§ Description of the task: Return, word for word, the lines running from the one that contains "volkswagen tiguan elegance" to the final line of the listing below.

§ Records shown:
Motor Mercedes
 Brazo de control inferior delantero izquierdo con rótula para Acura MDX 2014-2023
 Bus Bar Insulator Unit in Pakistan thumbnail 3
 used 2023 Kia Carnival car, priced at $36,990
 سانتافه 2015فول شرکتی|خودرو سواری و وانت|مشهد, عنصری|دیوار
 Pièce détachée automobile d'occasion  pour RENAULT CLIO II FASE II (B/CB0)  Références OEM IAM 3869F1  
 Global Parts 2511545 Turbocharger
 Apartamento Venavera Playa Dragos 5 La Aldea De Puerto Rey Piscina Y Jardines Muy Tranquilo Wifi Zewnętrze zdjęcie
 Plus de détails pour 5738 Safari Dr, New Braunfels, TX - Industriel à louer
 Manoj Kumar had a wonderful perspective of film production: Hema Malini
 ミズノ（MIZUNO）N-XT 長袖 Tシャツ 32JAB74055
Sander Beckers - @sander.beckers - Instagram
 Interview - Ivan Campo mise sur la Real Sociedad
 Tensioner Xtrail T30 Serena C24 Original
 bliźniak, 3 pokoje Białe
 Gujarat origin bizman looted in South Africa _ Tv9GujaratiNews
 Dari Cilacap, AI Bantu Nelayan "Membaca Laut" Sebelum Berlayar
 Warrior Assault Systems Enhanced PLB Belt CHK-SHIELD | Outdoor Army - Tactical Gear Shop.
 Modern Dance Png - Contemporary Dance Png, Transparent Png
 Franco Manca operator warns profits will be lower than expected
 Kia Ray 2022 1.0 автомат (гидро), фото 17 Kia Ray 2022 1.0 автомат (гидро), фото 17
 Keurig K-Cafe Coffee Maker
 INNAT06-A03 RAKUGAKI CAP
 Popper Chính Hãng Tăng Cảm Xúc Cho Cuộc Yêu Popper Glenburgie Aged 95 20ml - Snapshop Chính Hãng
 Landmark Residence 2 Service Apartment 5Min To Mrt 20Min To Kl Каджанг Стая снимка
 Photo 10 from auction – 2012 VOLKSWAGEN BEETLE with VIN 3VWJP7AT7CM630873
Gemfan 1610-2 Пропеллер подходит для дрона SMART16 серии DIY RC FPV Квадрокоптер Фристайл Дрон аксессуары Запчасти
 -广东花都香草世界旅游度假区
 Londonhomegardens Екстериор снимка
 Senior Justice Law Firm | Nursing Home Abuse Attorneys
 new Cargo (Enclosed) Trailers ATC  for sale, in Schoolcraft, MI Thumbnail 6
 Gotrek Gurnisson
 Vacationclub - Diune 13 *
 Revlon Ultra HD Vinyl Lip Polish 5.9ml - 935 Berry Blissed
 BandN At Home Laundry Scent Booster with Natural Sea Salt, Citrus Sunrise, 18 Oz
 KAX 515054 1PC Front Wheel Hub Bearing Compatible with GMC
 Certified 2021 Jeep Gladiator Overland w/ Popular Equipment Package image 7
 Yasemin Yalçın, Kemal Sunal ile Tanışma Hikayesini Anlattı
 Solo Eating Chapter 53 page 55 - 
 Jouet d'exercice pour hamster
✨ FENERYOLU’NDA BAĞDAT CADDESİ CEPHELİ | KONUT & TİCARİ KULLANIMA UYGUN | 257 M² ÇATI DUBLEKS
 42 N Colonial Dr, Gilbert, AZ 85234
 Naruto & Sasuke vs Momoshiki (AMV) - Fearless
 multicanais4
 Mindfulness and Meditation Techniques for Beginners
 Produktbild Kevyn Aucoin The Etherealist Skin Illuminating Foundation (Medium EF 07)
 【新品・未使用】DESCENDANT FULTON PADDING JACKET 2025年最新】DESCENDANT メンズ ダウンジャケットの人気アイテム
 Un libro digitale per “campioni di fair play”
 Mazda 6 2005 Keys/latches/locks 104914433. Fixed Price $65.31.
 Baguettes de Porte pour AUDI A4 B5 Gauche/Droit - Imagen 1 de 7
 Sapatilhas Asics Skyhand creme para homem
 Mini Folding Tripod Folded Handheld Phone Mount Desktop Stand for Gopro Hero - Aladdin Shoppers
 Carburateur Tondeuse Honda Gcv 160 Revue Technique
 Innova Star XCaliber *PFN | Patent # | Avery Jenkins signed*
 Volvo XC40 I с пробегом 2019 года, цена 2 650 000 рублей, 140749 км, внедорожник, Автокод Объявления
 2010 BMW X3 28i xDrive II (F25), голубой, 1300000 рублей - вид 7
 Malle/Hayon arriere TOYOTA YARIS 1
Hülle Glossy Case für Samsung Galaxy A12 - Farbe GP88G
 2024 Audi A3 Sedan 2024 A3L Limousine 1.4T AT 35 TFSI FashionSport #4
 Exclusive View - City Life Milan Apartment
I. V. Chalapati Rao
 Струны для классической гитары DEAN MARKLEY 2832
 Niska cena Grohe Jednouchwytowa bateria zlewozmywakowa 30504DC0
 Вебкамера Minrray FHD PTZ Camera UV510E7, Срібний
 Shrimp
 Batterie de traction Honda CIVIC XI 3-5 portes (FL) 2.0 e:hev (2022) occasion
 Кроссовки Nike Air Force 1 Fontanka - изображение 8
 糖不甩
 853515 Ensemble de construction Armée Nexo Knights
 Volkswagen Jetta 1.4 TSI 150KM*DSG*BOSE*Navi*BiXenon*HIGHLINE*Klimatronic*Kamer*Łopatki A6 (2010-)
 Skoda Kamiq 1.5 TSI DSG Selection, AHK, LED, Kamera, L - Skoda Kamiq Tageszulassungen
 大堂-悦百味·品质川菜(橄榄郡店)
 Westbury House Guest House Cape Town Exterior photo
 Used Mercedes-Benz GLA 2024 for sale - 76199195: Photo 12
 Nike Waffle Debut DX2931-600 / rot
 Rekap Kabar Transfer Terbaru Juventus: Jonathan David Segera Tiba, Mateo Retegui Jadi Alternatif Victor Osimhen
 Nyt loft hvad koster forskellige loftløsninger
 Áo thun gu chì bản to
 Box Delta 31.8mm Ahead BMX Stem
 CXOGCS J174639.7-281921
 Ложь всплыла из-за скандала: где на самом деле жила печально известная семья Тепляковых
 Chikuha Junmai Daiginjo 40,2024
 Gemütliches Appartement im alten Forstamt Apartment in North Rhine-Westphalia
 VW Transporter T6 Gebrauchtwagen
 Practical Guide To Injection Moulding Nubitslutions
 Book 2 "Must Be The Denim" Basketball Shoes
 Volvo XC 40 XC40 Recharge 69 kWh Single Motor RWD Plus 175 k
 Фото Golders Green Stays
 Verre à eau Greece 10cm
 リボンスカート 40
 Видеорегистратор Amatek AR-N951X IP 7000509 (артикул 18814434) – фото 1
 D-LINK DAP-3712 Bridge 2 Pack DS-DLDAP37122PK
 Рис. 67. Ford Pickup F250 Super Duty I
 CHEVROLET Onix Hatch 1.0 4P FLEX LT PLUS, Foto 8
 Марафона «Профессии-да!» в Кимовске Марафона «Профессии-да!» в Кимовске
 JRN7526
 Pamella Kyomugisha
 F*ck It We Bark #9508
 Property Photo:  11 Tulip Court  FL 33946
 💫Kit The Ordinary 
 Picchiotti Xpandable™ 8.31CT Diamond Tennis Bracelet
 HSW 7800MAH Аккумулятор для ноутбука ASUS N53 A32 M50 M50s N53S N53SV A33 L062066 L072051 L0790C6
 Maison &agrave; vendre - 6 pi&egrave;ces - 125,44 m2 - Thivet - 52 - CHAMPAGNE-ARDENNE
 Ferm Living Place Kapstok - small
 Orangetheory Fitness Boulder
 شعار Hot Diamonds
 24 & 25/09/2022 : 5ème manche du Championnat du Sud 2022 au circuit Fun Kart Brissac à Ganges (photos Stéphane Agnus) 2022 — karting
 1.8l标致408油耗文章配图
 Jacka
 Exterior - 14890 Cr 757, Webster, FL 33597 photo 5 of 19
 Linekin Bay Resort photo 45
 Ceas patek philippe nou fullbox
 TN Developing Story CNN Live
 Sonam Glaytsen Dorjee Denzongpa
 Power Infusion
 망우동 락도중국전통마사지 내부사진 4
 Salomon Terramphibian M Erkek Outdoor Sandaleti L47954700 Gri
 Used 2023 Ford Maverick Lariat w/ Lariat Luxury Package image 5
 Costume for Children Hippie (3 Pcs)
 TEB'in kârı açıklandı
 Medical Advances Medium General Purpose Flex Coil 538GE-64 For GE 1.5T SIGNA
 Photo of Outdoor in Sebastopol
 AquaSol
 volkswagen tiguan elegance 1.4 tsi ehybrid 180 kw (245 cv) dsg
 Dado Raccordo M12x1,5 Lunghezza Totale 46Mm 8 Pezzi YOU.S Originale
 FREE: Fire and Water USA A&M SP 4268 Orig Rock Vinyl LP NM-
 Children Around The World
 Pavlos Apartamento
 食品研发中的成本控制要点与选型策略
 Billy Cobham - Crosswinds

§ Final answer:
 volkswagen tiguan elegance 1.4 tsi ehybrid 180 kw (245 cv) dsg
 Dado Raccordo M12x1,5 Lunghezza Totale 46Mm 8 Pezzi YOU.S Originale
 FREE: Fire and Water USA A&M SP 4268 Orig Rock Vinyl LP NM-
 Children Around The World
 Pavlos Apartamento
 食品研发中的成本控制要点与选型策略
 Billy Cobham - Crosswinds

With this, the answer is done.